Return each line of the data below verbatim; pictures are to be left out.

Supplied data |
====
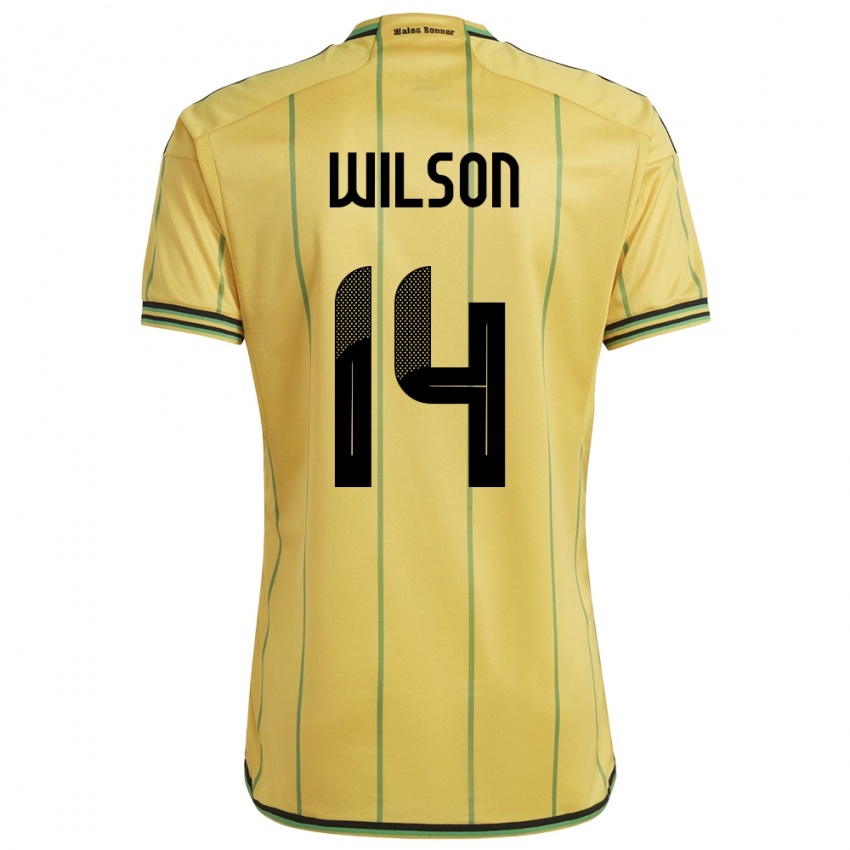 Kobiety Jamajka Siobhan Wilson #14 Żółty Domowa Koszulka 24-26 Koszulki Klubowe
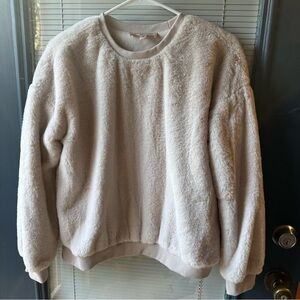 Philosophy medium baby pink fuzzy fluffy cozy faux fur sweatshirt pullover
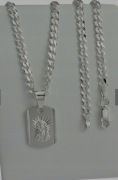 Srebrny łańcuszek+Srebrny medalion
====
Expected answer |
 Kobiety Jamajka Siobhan Wilson #14 Żółty Domowa Koszulka 24-26 Koszulki Klubowe
 Philosophy medium baby pink fuzzy fluffy cozy faux fur sweatshirt pullover
 Srebrny łańcuszek+Srebrny medalion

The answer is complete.